Carlos Saura obituary: leading Spanish auteur of Cría cuervos

Among the greatest of Spanish filmmakers, Saura was renowned for his collaborations with Geraldine Chaplin, his use of political allegory and his passion for flamenco.

Cría cuervos (1976)

Very few filmmakers can have claimed Luis Buñuel as their mentor and friend. The Spanish surrealist even famously remarked that he wished he’d made Elisa, My Life (1977), one of Carlos Saura’s defining reflections on past and present, fiction and reality, remembering and forgetting. A moving metaphor of Spain’s most turbulent years, Saura’s film features his frequent collaborator Geraldine Chaplin at her most ethereal, playing the estranged daughter who visits her father (Buñuel regular Fernando Rey) after 20 years.

Mentee became mentor, and Saura’s most cherished wish was “to have left some valuable legacy to today’s filmmakers”, to see himself “reflected in the cosmos, like a star”, as he wrote in the speech he would have read on receiving an honorary Goya (Spanish Oscar) for his chameleonic career. Except he died one day before the event, at the age of 91.

Saura’s first passion was photography, and in 1952 he abandoned a degree in engineering to enrol in Madrid’s recently opened IIEC (Instituto de Investigaciones y Experiencias Cinematográficas). With tutors of the stature of Juan Antonio Bardem (Death of a Cyclist, 1955) and Luis García Berlanga (The Executioner, 1963), the film school gained a reputation as the breeding ground for the more politically outspoken filmmakers of the New Spanish Cinema.

Carlos Saura

Two events proved crucial in helping Saura define his cinematic style: a week dedicated to neorealism that took place in Madrid in 1954, and his attendance the following year at the (in)famous ‘Salamanca Conversations’, a meeting organised by Bardem, an openly communist figure, to assess the state of Spanish cinema under the dictatorship. Graduating in 1957, Saura remained at IIEC, teaching the likes of Víctor Erice, until he was ousted on political grounds in 1963.

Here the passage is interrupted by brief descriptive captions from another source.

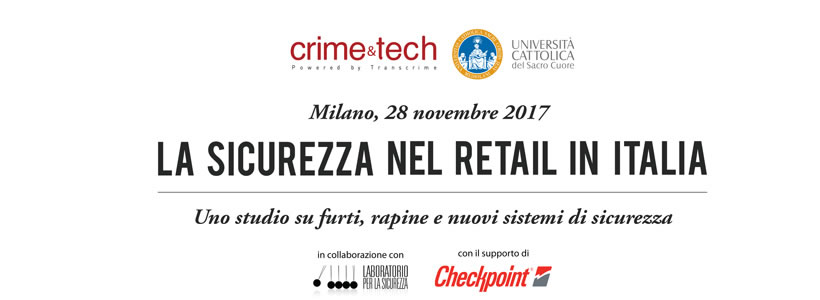 Furti e rapine nel retail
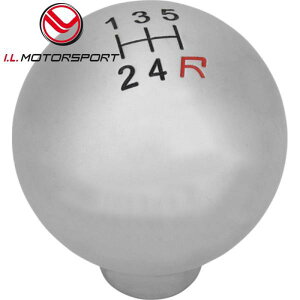 I.L.モータースポーツ アイエルモータースポーツ NAB-301164E-5 シフトノブ ボールタイプ シルバー 5速 NA/NB/NCロードスター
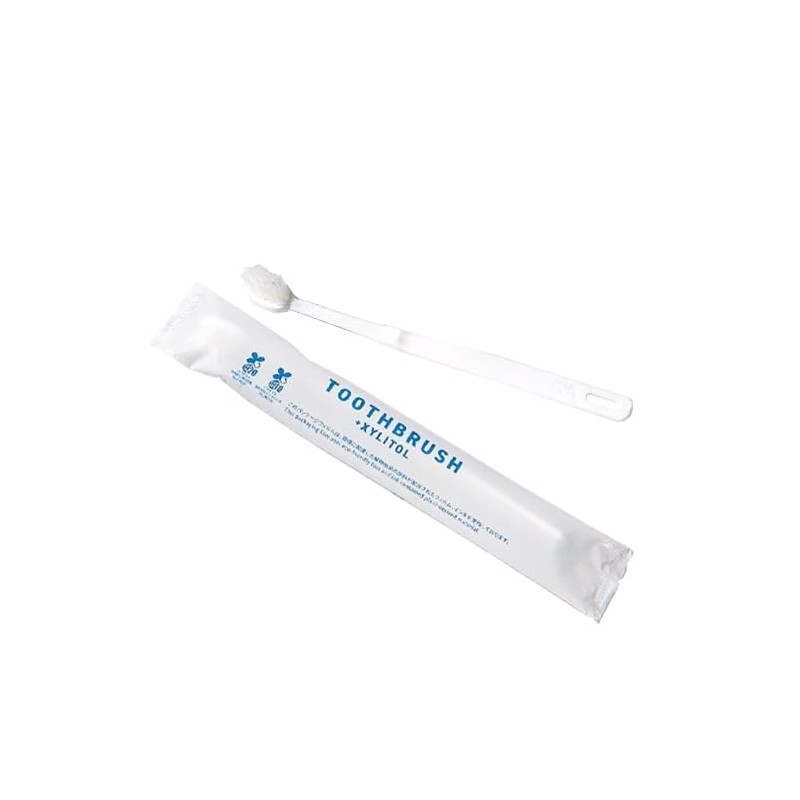 FFID Commercial Use, Made in Japan, Disposable Toothbrush with Toothpaste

His debut film, Cuenca (1958), was a mid-length documentary filmed in the eponymous Spanish province and formally influenced by Buñuel’s Land Without Bread (1933). But it was Saura’s first full-length film, Los golfos (1960), which announced a great new voice. Co-written with Mario Camus, it follows a group of young delinquents from the outskirts of Madrid and became a landmark of the more documentarian approach of his early phase – his own version of neorealism with elements of Spanish picaresque.

Saura joined Bardem’s production company UNINCI, set up in 1949, but the political scandal caused by their co-production of Buñuel’s Viridiana (1961) meant the company was closed down by the regime the following year. Saura’s next project, Weeping for a Bandit (1964), was butchered, including the excision of seven minutes showing Buñuel executing the titular bandit.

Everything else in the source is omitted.